Les graisses industrielles

Un rouage crucial de la maintenance

Maillon incontournable de la maintenance de certains mécanismes, les graisses industrielles sont surtout commercialisées en direct, notamment lorsqu’il s’agit de volumes importants. Elles profitent de formulations de plus en plus performantes en mesure de répondre aux attentes des clients, en termes de durée de vie de leurs équipements et de réductions de leurs coûts de maintenance. Un conseil à valeur ajoutée que sont en mesure d’apporter les distributeurs de négoce technique et de FI, avec l’appui technique des marques.

Les graisses font incontestablement figure de petit Poucet sur le marché des lubrifiants. Dans le monde, elles représenteraient 5% du marché des lubrifiants, face aux huiles qui comprennent, il est vrai, les volumineuses huiles hydrauliques et huiles pour le secteur automobile. 

En France, les ventes de graisses dans le secteur industriel s’élèveraient à 19 000 tonnes (7 000 tonnes pour le secteur automobile) sur un total lubrifiants estimé aux alentours de 160 000 tonnes, tous secteurs confondus. Ce chiffre traduit une certaine forme même si les fabricants ne se font guère d’illusions quant à l’essor futur de ce marché en volume. Les équipements sont en effet devenus plus performants, donc moins gourmands en lubrifiants. Et le nombre des entreprises utilisatrices n’est pas en croissance. 
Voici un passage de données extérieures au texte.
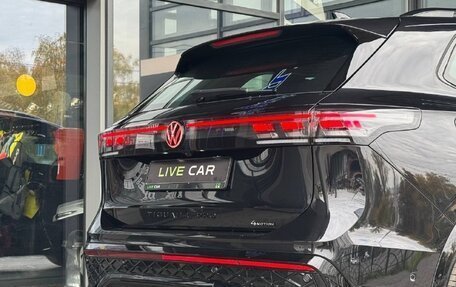 Volkswagen Tiguan, 2025 год, 4 800 000 рублей, 33 фотография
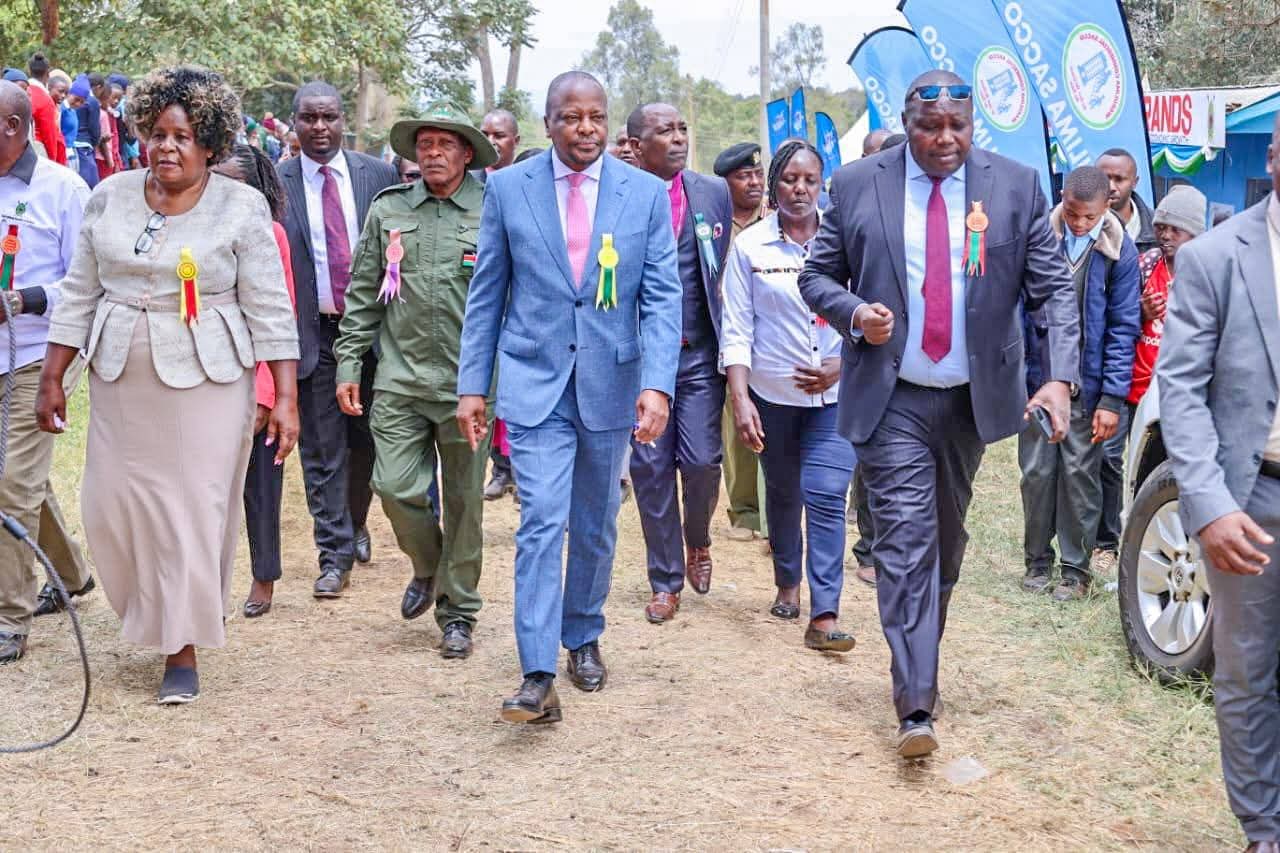 CS Mutahi Kagwe with ASK officials at Kabiruini, Nyeri last Friday.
Dans le même temps, les entreprises sont de plus en plus enclines à conserver le plus longtemps possibles leurs machines, ce qui implique un développement de la maintenance et le recours à un lubrifiant. Huile ou graisse ont donc encore de beaux jours devant elles d’autant qu’elles évoluent vers des matières premières et formulations permettant aux industriels de préserver leurs équipements dans la durée et de réduire les fréquences de maintenance. Si les volumes ne progressent pas, les ventes gagnent peu en peu en plus-value technique. 

Comme le marché des huiles, les ventes de graisses industrielles passent essentiellement par le direct, avec une mainmise des pétroliers et grands industriels du graissage, pour des questions de volumes essentiellement. Certains fabricants de machines préconisent également une graisse d’une marque spécifique, qu’ils commercialisent eux-mêmes. Dès que l’effet volume se ressent moins et que le client a donc moins intérêt à mener une politique d’achat privilégiant le direct, la distribution, plus particulièrement le négoce technique, a son mot à dire. On y retrouve certains industriels du pétrole, comme Fuchs, des industriels et spécialistes de la lubrification comme Molydal ou encore ITW, dont les marques Jelt et Rocol sont exclusivement commercialisées à travers la distribution. 

Une lubrification sous contrainte 

Même si ses applications sont moins nombreuses que l’huile, la graisse a une place à part entière dans la famille des lubrifiants puisqu’elle est dédiée à des situations où l’huile ne pourra pas grand chose. Globalement, une graisse est composée d’une huile et d’un savon, auxquels peuvent s’ajouter des additifs. Pas de doute, c’est bien l’huile qui assure la fonction de lubrification. En revanche, la grande force de la graisse est d’une part, de rester en place sur le point d’application contrairement à l’huile qui coule et d’autre part, de retenir cette huile ainsi que les additifs, un peu à l’image d’une éponge. Lorsqu’une pression s’effectue sur le produit, sous l’effet d’une contrainte (charge, température, vitesse, chaleur...), l’huile et les additifs se libèrent de façon optimale, permettant la lubrification.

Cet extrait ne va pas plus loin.